One more statement has to be examined, viz. Björn Jonsson's description (in the Gripla) of the three glaciers on the east coast.
According to Gisle Brynjulfsson, Björn Jonsson's statement does not allude to a journey from Iceland with the swift sailing-ships of the Vikings. What is really meant is a journey in rowing-boats starting from the southernmost places of the Österbygd and going east and northeast. Brynjulfsson estimates that the 30 eng. miles a day would be covered in this manner. Thus the Puisortok-glacier would be reached in a week. This glacier Brynjulfsson concludes to be Hvitserk.
Even to admit that it is possible to cover 30 miles a day in a calm sea with a rowing boat, the experience of Gieseke, Holm, Graah a.o. show that it requires 6 weeks rather than 6 days under the present conditions to go from Ilua or Fredriksdal by way of the sounds to the east coast in 60º lat. and thence to Puisortok in lat. 62º10. Even if we assume with Brynjulfsson that the ice conditions 600 years ago were so favourableas to allow the distance to Puisortok to be covered in only 6 days, still Gripla's description of Hvitserk does not fit in with Puisortok because of the words:
This description instead fits in on the highland between Allumlengri and the fjord Kangerdluksuatsiak, where the highest mountain-peaks in south Greenland are situated. With open water it would be quite possible to reach this place on the east coast in lat. 60º-60º15 in a week's journey by rowing-boat passing through the Allumlengri-sound or the Ikek.
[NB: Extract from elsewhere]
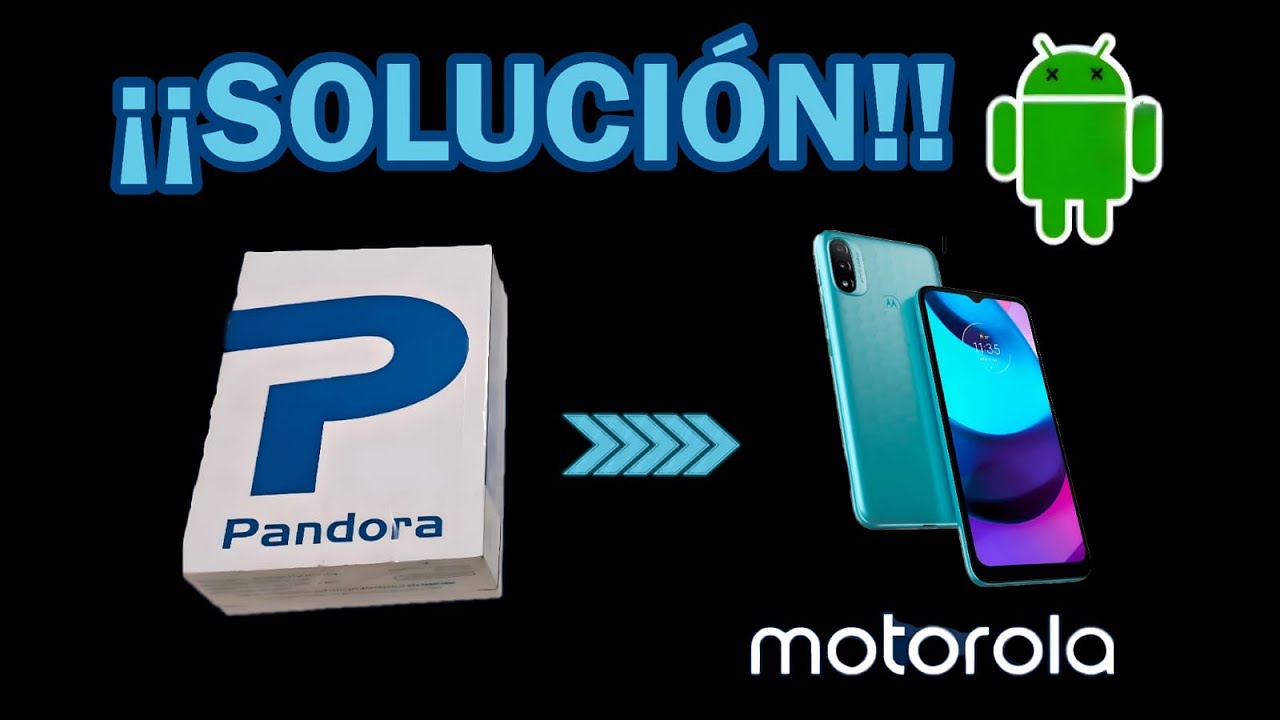 REVIVIR MOTO E20 XT2155-1 by PANDORA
There, at the eastern inlet to these sounds the coast really bends northwards. It is significant too that all expeditions sent out in the 15th and 16th century to rediscover the lost colonies had orders to approach Greenland (and attempted to do so) from the eastside. In the maps from the 15th and 16th century e. g. in that of Thorlacius, these two sounds play a prominent part. These maps are of no use however for the problem we here try to solve and since the two sounds were confounded with the two inlets on America's coast discovered by Frobisher they have become a subject of endless idle discourses among geographers. The fact however that in these maps two sounds are shown through the South of Greenland shows, that the tradition of the Eriksstefna of the eastern inlets to the Österbygd had survived the closing of these passages by the drift ice.
I reproduce here the contour lines of such a map discovered by H. Pettersson in the archive of British Museum.
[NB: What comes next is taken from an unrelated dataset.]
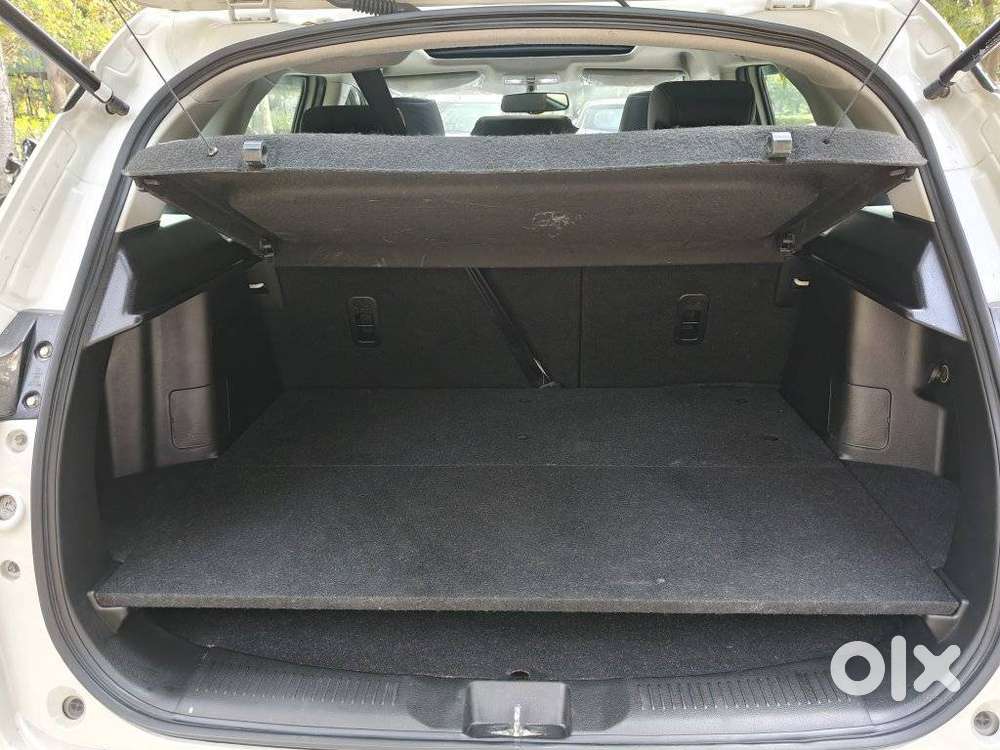 Toyota Urban Cruiser Hyryder 1.5 V Hybrid, 2023, Petrol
Evidently the ice conditions of Davis Sound and Bafin's bay were also different in the Viking-age. A large contingent of the drift-ice in Davis Sound is supplied by the Greenland ice current. Failing this supply, the quantity of ice in Davis Sound and the Labrador current will be reduced. Besides a decrease in the ice would mean an increase in the heat supplied by the Gulf stream-branches. We may therefore a priori conclude that the Labrador current in Mediaeval time did not carry ice, or at least not in the same degree as at present. This conclusion is born out by the fact that no mention is made in the Sagas and the existant documents from year 1000 to the end of the Middle-ages of ice as impeding the traffic between Greenland and Wineland.
It is impossible that the Greenland colonists should have landed on the Labrador coast or Newfoundland without having been in contact with the drift-ice and icebergs of the Labrador current. The complete silence on this point is remarkable and becomes still more so when we remember that the records of Cabot, who discovered Newfoundland in 1497, do not mention ice or ice-hindrances. In the records of the journey of the younger Sebastian Cabot in 1508-1509 to the coast of America (which however is considered unreliable) it is said he went as far as lat. 60º and saw quantities of ice in the sea at a depth of more than 100 fathoms (which means that he was in the Labrador current). But in a later journey, 1516 or 1517, he is said to have gone as far as lat. 67 ½º end there found open sea and no hindrance from ice. This is the reason why Nansen, who finds it surprising that ice is not mentioned in connection with the elder Cabot's journey to New-foundland, doubts the veracity of Sebastian Cabot's journey to these parts in 1516-1517.
This, however, is immaterial. Fact is, that reports of ice outside the American coast are not forthcoming till the 15th century although communication with that continent was established as early as the 10th century as recorded in ancient literature. The utter silence on this subject in the records would be inexplicable if the Labrador current had had the same character then as now.
The first mention of ice in American waters we find in Cortes Reales journeys to Newfoundland in 1501, further in the journey to St. Lorent's Bay in 1534, and in Frobisher's (1576-1578) and Davis' (1585-1587). Records of ice at that time however are very rare and the 15th century explorers of the coast of America do not appear to have been much troubled by ice, whereas the east coast of Greenland was then already blocked by ice and quite inaccessible. In the 16th century the conditions were changed and the account of Hudson's 3rd and last journey mentions ice and ice-hindrances which shows that at least along the Labrador coast conditions were approaching the present conditions. It is however noteworthy that Hudson, when pushing along the Newfoundland bank in lat. 44º-45º where he sounded and fished, found no ice in that bank.
In continuing his journey to New Brunswick, Nova Scotia and the American coast, he everywhere reports on weather to be very warm and the country exceedingly fertile with "goody grapes", rosetrees, etc. He sometimes fought and bartered with the Indians obtaining “greene tobacco, Indian Wheath and Maize whereof they make good bread”, a.s.f. in exchange for his goods. If the Wineland expeditions of the ancient Greenlanders extended past Newfoundland (Markland) to the south west, as G. Storm has shown, then no objection can be raised on account of the climate to they really having found wine and wheat, as described in the Saga.
The problem of Wineland is getting more complicated from the theory propounded by Professor Fernald, an American, who transfers the Windeland of the Sagas to Labrador, changing the grapes into cranberries, the wheat into lyme-grass, a. s. v. In the 14th Chapter of the Taakeheimen Nansen also adds to the confusion by indiscriminately mixing the Icelandic Sagas with the fantastic folk-lore of Moltke Moes collection.